Aborrezco a las personas que hablan con pedantería y suficiencia, y me fascinan las que se expresan con sencillez y sabiduría, con humildad y convicción. Sería fantástico disponer de una capa de invisibilidad que me permitiera colarme en el meollo de una reunión de talentosos pensadores y escritores. Me cuidaría escrupulosamente de no inmiscuirme en sus trascendentales asuntos, y permanecería muda e inmóvil en los arrabales de sus disensiones dialécticas, a cambio de una exigua porción de su talento literario.
Quiero aprenderlo todo sobre este noble y digno oficio, y mi actitud es la de una esponja: absorber todo lo aprovechable para mejorar mi precaria técnica.
Me colmaría de satisfacción y me haría inmensamente feliz escribir una historia aceptablemente correcta en la forma e interesante en su contenido, esquivando con maestría estilos folletinescos y bodrios indigeribles e insustanciales.
Dijo Machado que “se hace camino al andar”, y en ello ando.
Detrás de un reconocido talento se esconde, sin lugar a dudas, un indiscutible trabajo de fondo. Las aptitudes deben acompañarse de una voluntad de hierro y sostenerlas con una constancia perseverante. El trabajo sistemático, el esfuerzo, el sacrificio y la búsqueda de la perfección son las claves del progreso que rara vez disfrutan indolentes o pusilánimes. Y yo no tengo carnet en ese club.
En la tribu literaria a la que me gustaría pertenecer aflora, en más ocasiones de las deseadas, un instinto tribal de destrucción del probable contrincante, que enrarece el ambiente y ensombrece el brillo de las palabras. Yo reniego de esos rituales bélicos, me conformo con asumir el papel de mera espectadora a cambio de aprender el lenguaje que entre líderes intercambian.
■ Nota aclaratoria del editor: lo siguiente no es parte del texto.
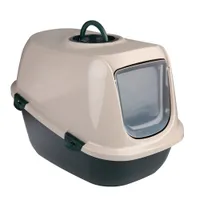Maison de toilette kooa à base de 90 % de plastique recyclé pour chat - vert foncé / beige
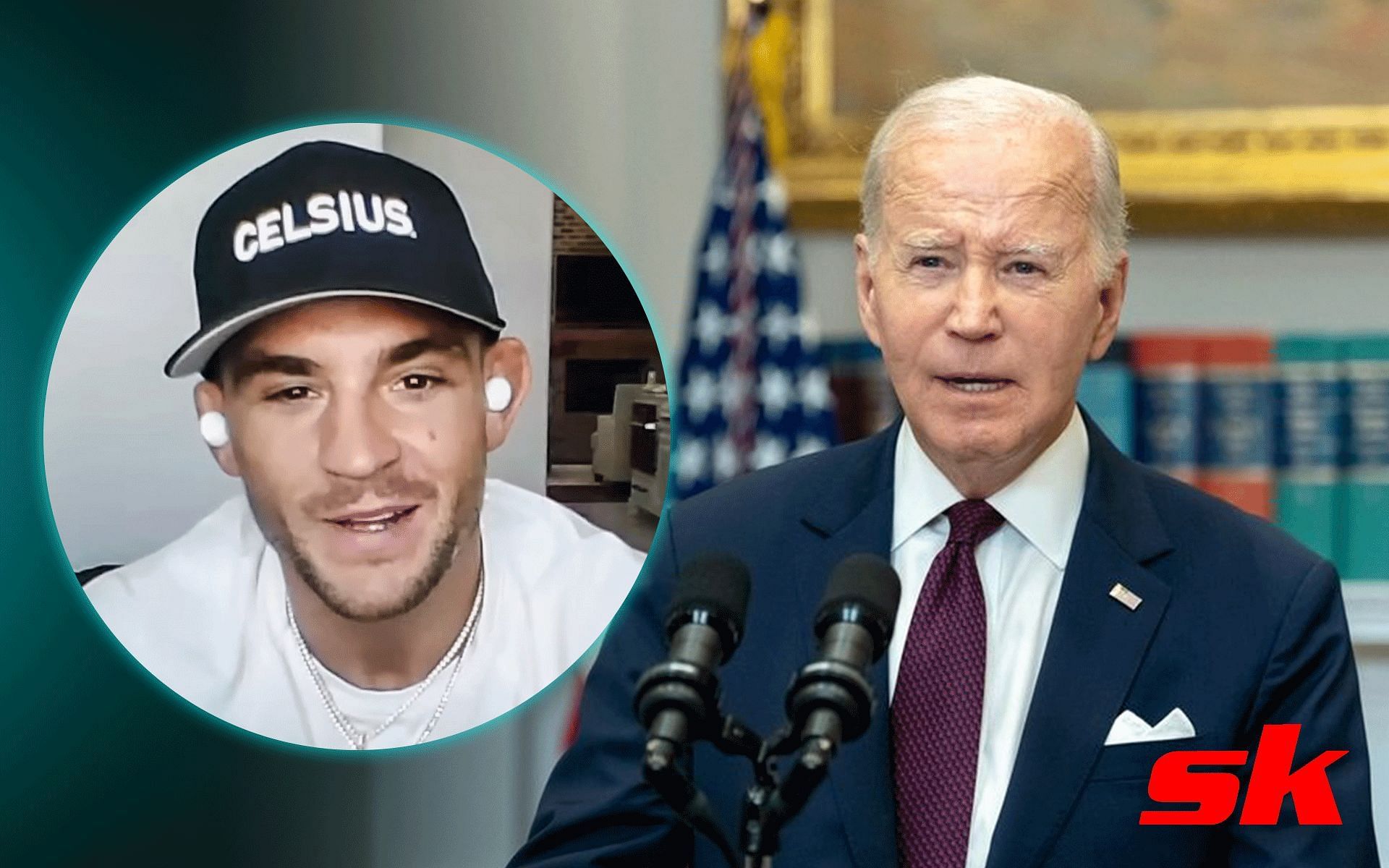 Dustin Poirier (Left) and Joe Biden (Right) [*Image courtesy: MMAFightingonSBN YouTube channel and @potus Instagram]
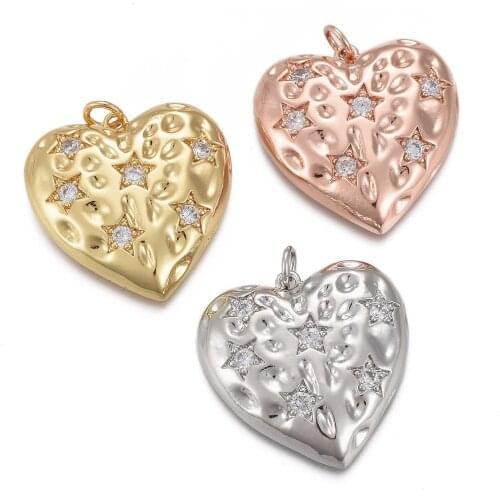 5Pcs Hammered Brass Zircon Heart Pendants 2021 New Charms With Jump Rings For Necklace Dangles Jewelry Making Findings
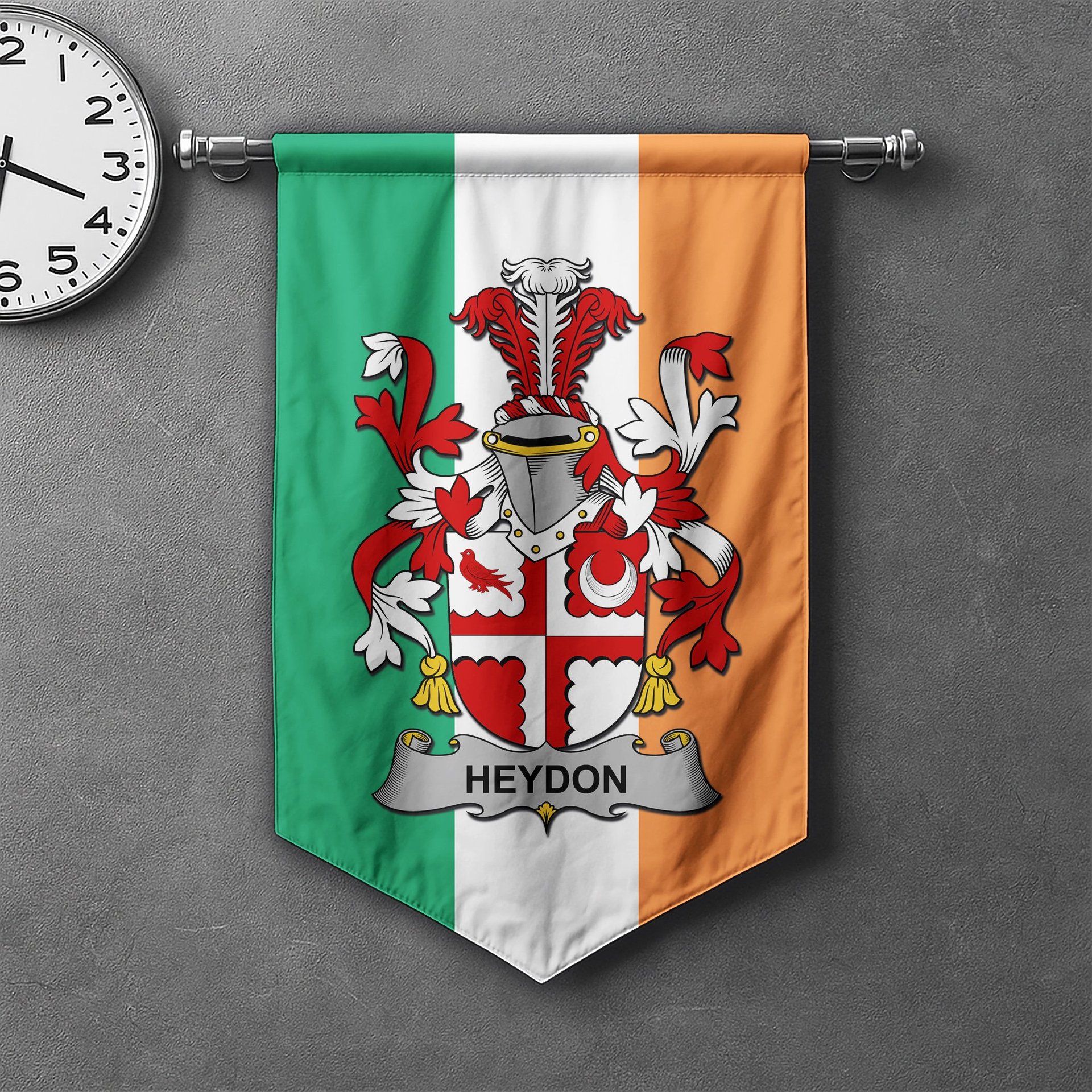 ScotsTee Shop Irish Heydon Clan Coat of Arms Irish Tartan Gonfalon Flag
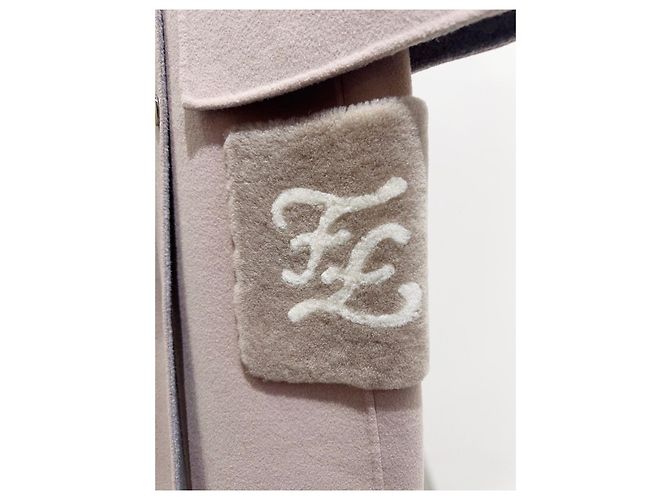 Abrigo Estilo Capa de Lana Fendi Beige - vista 2
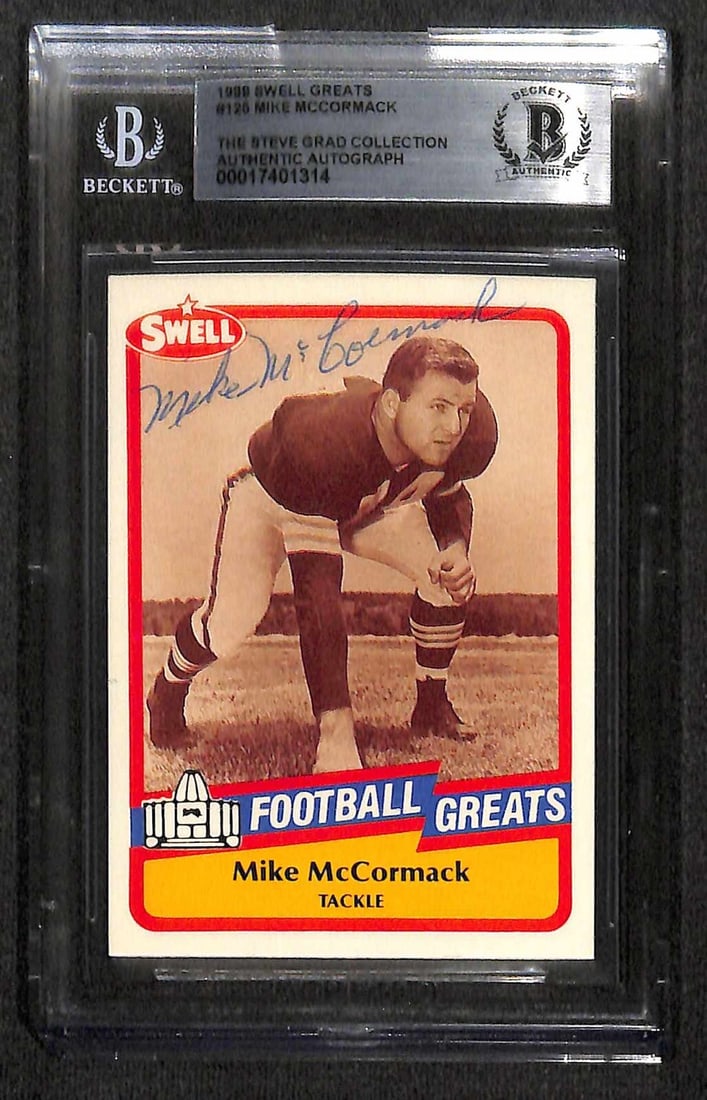 Mike McCormack Signed 1989 Swell Greats Football Card Beckett Authenticated: Mike McCormack Signed 1989 Swell Greats Football Card Beckett Authenticated This is an autographed 1989 Swell Greats #126 sports trading card featuring Mike McCormack, former tackle for the Cleveland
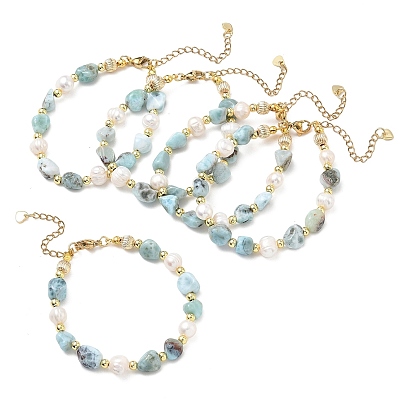 Natural Larimar Nuggets and Potato Freshwater Pearl Beaded Bracelets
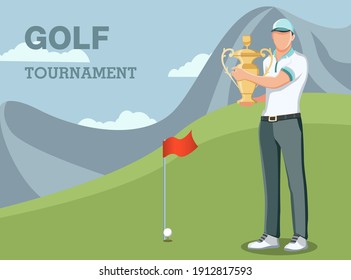 man winner getting first prize. First place champion trophy reward. achievement concept for banner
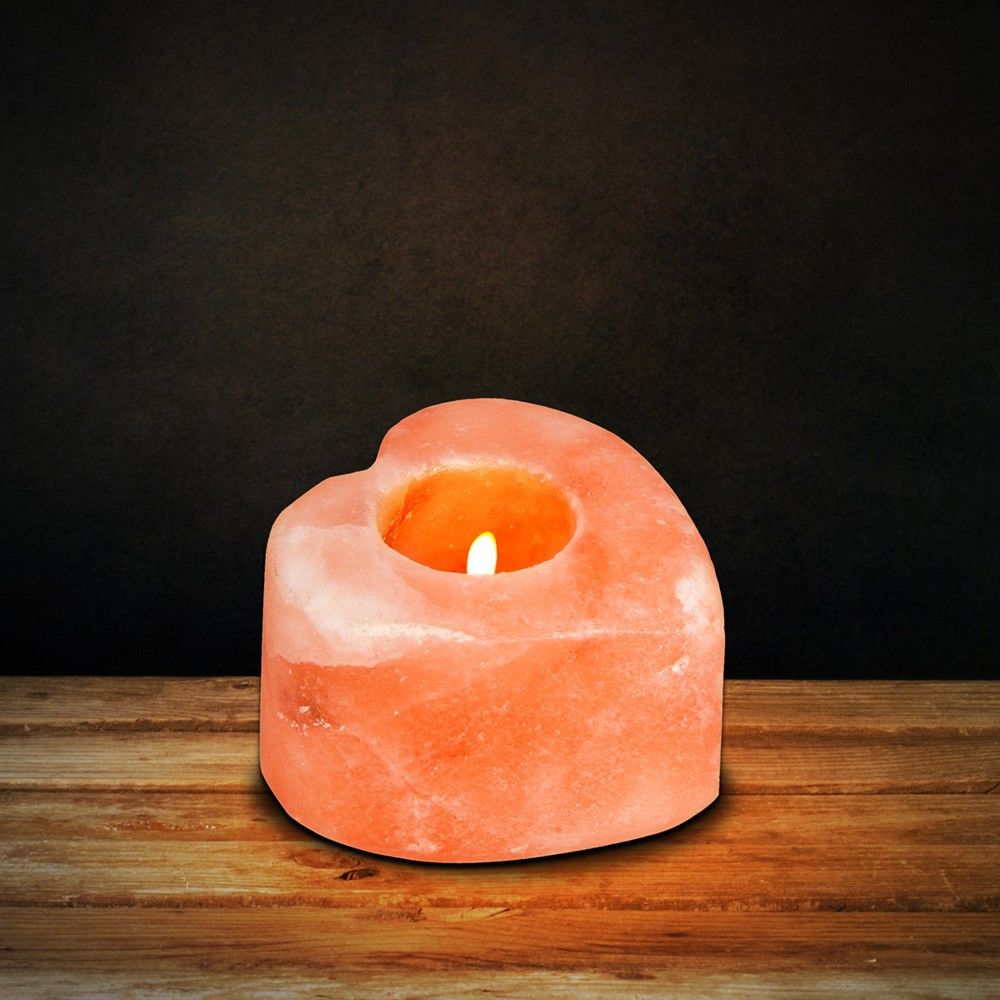 Salt & Crystal - Heart Shape Himalayan Candle Holder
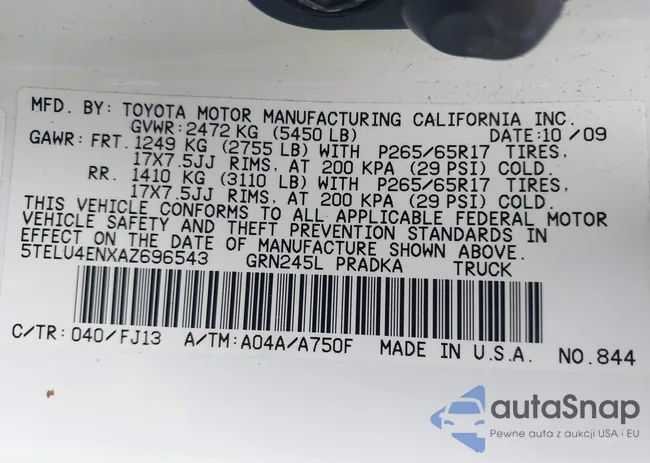 5TELU4ENXAZ696543: 43993621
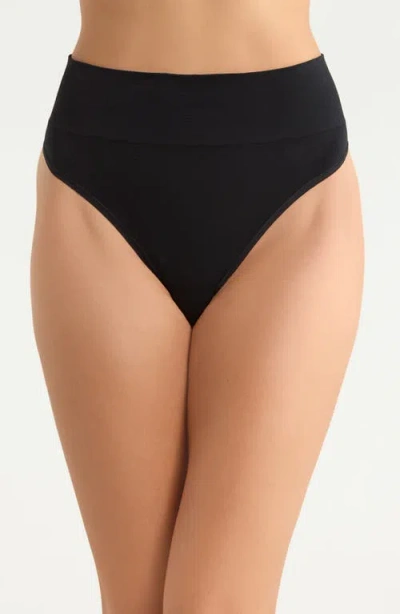 Nordstrom 3-pack Seamless Thongs In Black- Tan Multi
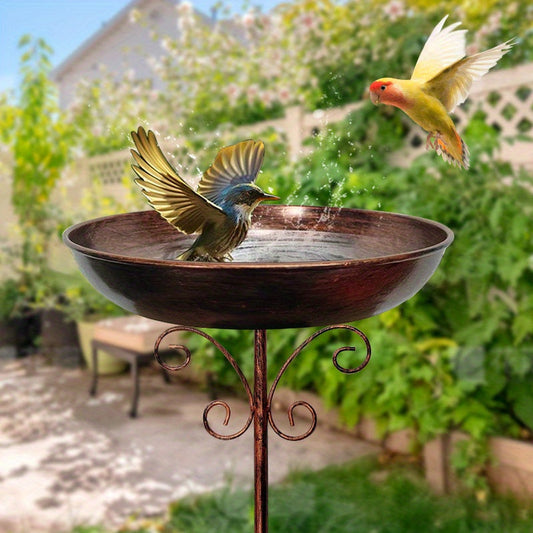 Vintage Metal Bird Bath with Pedestal Stand-1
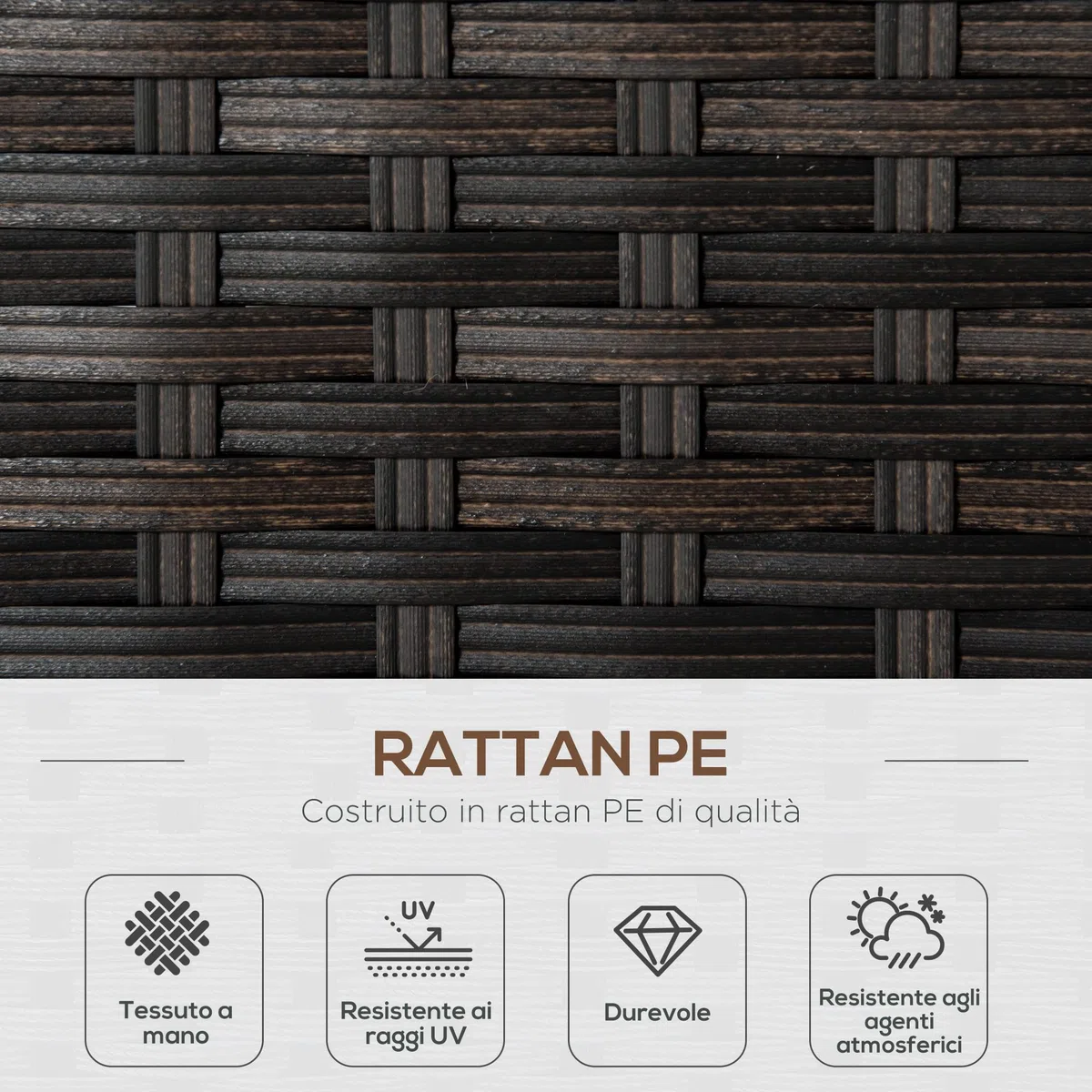 Outsunny Divano da Giardino 2 Posti in Rattan PE, Divano da Esterno con Cuscini Imbottiti e Piedini Regolabili, 132x70x74cm, Marrone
Afortunadamente, la envidia no forma parte de mi listado de sentimientos negativos. Y tampoco pienso arredrarme ante los prepotentes que opinan con malentendido orgullo que “crecen los nuevos narradores como una excrecencia de la literatura a la velocidad de una progresión geométrica”, para seguidamente afirmar que no hay nada como la levitación del ego.
Por si acaso, yo ya me he apuntado a una academia de pilotos de alfombras voladoras, para levitar sobre seguro. Desde las nubes se accede a una inmejorable perspectiva aérea, dónde va a parar.